WHAT THE TASK ASKS:
Where in the data does the word "Outdoor" appear? Find those lines and copy them.

(Scraped caption text data)
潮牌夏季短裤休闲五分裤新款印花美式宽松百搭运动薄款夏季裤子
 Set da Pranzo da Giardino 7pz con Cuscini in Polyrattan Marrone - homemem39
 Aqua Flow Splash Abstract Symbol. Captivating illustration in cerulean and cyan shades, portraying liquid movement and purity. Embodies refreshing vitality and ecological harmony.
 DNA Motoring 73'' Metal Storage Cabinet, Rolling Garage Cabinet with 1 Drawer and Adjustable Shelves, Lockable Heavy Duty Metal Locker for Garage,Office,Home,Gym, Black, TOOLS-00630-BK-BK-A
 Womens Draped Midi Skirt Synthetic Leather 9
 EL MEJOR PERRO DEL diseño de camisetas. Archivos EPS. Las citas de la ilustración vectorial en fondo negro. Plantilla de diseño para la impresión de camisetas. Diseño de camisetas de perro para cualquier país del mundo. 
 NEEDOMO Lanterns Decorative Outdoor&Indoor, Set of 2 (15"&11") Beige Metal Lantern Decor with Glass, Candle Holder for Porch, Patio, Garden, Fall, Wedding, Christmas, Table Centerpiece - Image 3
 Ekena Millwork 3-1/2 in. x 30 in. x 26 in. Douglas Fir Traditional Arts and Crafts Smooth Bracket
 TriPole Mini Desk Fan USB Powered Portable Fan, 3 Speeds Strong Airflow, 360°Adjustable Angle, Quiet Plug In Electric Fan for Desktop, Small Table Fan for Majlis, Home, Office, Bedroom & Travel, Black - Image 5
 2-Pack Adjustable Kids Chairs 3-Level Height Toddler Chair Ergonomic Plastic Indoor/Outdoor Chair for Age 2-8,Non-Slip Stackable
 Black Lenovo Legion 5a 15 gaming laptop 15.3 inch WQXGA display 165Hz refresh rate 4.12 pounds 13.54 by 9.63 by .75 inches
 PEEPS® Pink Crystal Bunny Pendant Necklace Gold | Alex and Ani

RESULT:
 NEEDOMO Lanterns Decorative Outdoor&Indoor, Set of 2 (15"&11") Beige Metal Lantern Decor with Glass, Candle Holder for Porch, Patio, Garden, Fall, Wedding, Christmas, Table Centerpiece - Image 3
 2-Pack Adjustable Kids Chairs 3-Level Height Toddler Chair Ergonomic Plastic Indoor/Outdoor Chair for Age 2-8,Non-Slip Stackable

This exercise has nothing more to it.